They’re the professions that many of us spend our childhoods aspiring to—but what is the reality of life in the spotlight?
Sarina Talip finds out for HerCanberra’s Summer Magazine: Shine.
JACK HEATH
For bestselling author Jack Heath, it’s been a long, hard slog. At 33, he’s already written 31 thrillers for adults and children.
Jack wrote his first book when he was a 17-year-old student at Lyneham High School. When he got the book contract, he was in his first semester of a music composition degree at the Australian National University. He dropped out to edit the book but has since regretted not completing a degree.
As a naive 19-year-old, he thought he’d won the publishing lottery. But reality quickly set in. “My third royalty cheque was actually 0 dollars and 0 cents—it just hadn’t earned out its advance. I was very poor for that next six months when I was waiting for the next cheque.”
He was living in a tiny apartment in Lyneham and surviving on apples and kangaroo sausages, which was all he could afford.
“Crucially though, at any time I could have just moved back in with my parents… So that’s another storytelling diversity thing, you only hear the stories from the people who have that safety net.
“I’d been surrounded by all these other authors whom I’d met at writer’s festivals and who all seemed so successful. Later on I realised that a lot of those people had either day jobs or rich spouses. In one case, a guy who I thought was the most successful author, it turned out that his parents had just given him a million‑dollar apartment.”

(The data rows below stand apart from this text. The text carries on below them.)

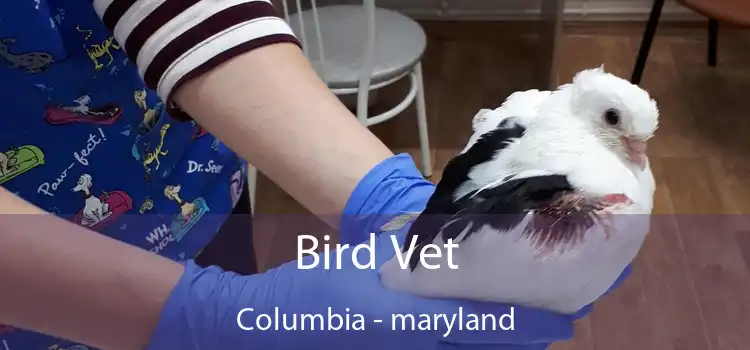 Bird Vet Columbia - maryland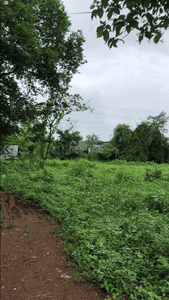 Others image of 16335.0 Sq.ft   Commercial Plot for rent in Titwala for 180000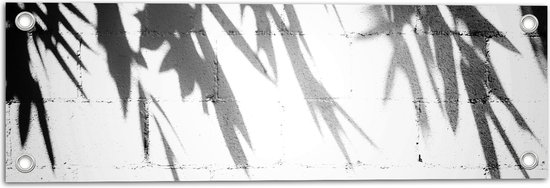 Tuinposter – Planten - Bladeren - Muur - Schaduw - Zwart - Wit - 60x20 cm Foto op Tuinposter (wanddecoratie voor buiten en binnen)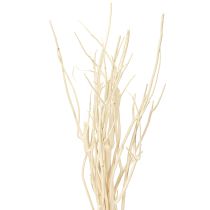 Artículo Ramas de Mitsumata blancas 34-60cm 12 piezas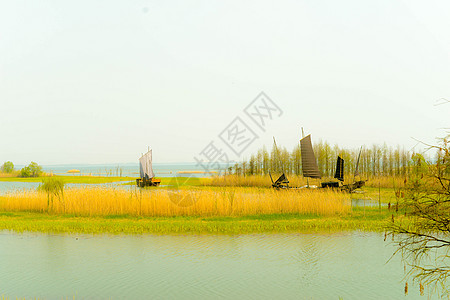 太湖帆船太湖国家湿地公园  帆船与湖畔背景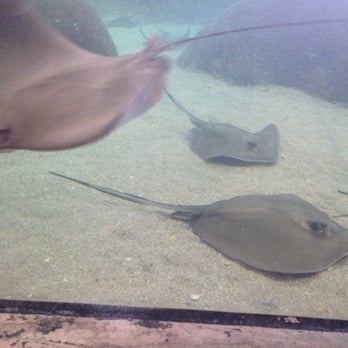 ABQ BioPark Aquarium - Some stingray action - Aquariums Near Me - Albuquerque, New Mexico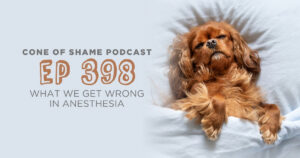 cavalier king charles spaniel dog laying in a comfy bed with fluffy pillow looking sleepy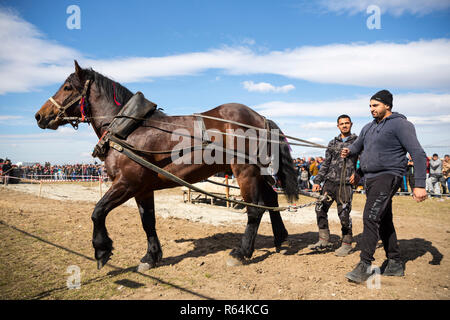 Sofia, Bulgarie - 3 mars, 2017 : les chevaux et leurs propriétaires participent à un tournoi de tirer lourd. Les animaux doit tirer une charge de centaines de kilogra Banque D'Images
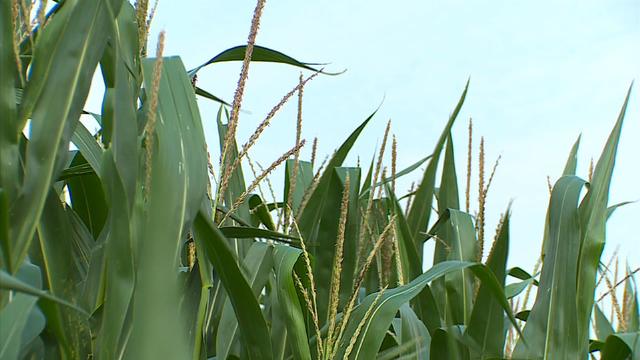 corn-crop-1.jpg 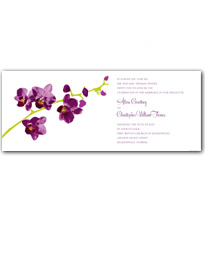 Orchid Beauty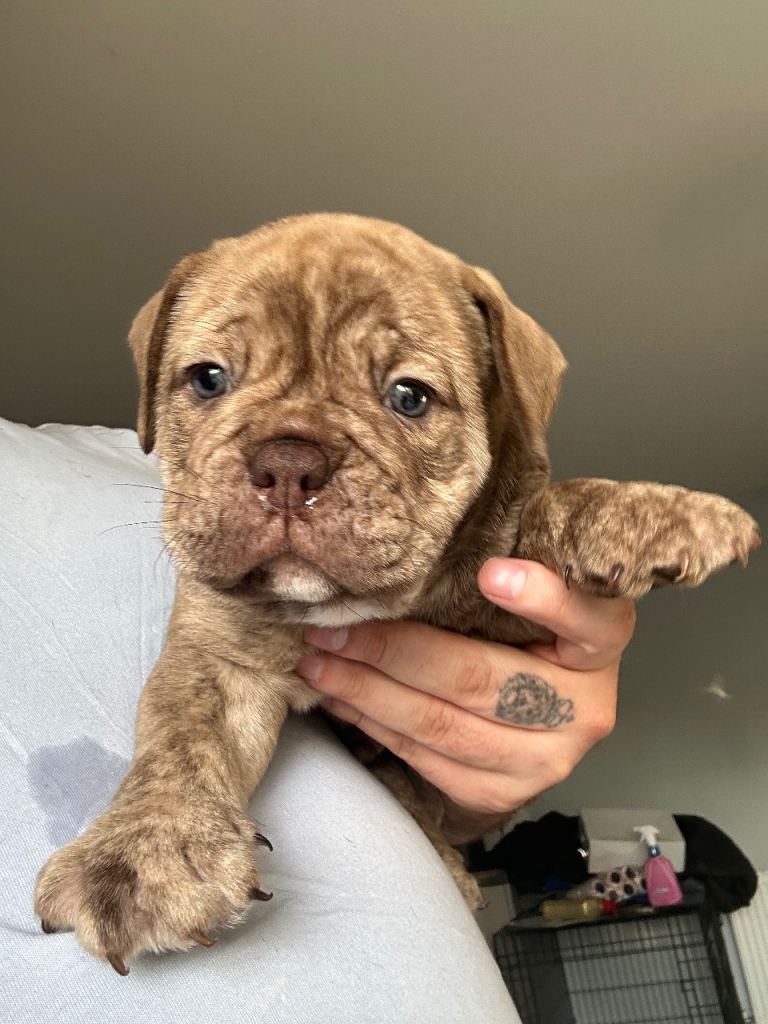 Olde English bulldog puppy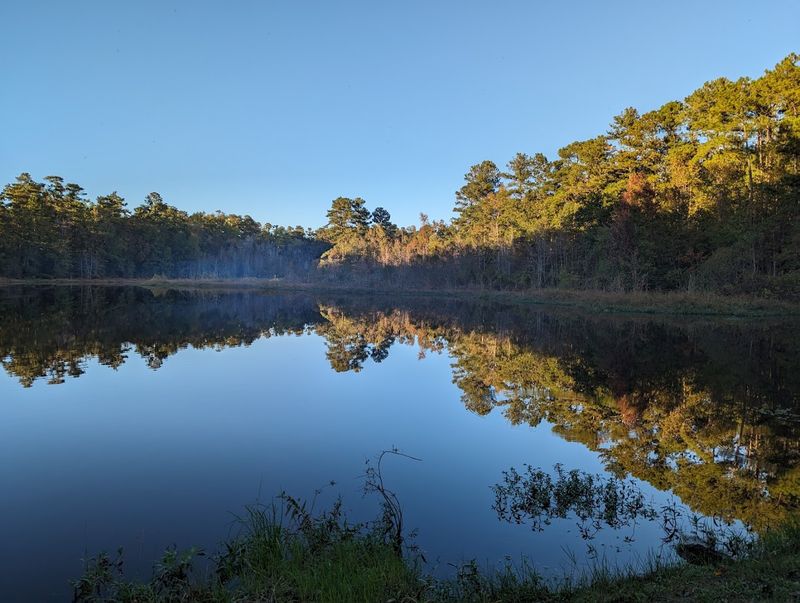 Barnwell State Park (Barnwell)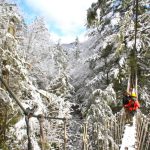 Guests on canopy tour in winter, Adventures on the Gorge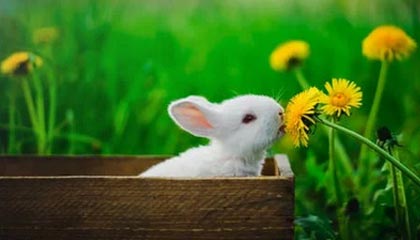 九游游戏中心-哈兰德连续17场破门，英超十冠王难敌青春锋线，哈兰德的转会费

Jack only become a full-time author in the last two years. Before that, he had day jobs to pay the bills. He worked in a call centre for an IT company, sold televisions at the Good Guys in Belconnen, and then worked at Dymocks where he “shamelessly” spruiked his own books.
Then his book 300 Minutes of Danger did “really well,” so he was able to go down from working four days a week at the book store to three, then to two, then to one.
He felt “safe enough” to quit in December 2017. He realises he’s one of not many Australian authors who can make a living from just writing.
To beat the odds he advises writers to just make “lots and lots of attempts.” He adds, “I wrote 31 books, three of them have been massive bestsellers, the other ones just did OK, and it’s not like those three were better than any of the others. It was just a matter of them falling into the hands of the right readers at the right times.
“That’s why whenever I have any big royalty cheque or sell film rights, I’m like, ‘Straight onto the mortgage.’ I don’t want to go back to the call centre.” He shakes his head emphatically.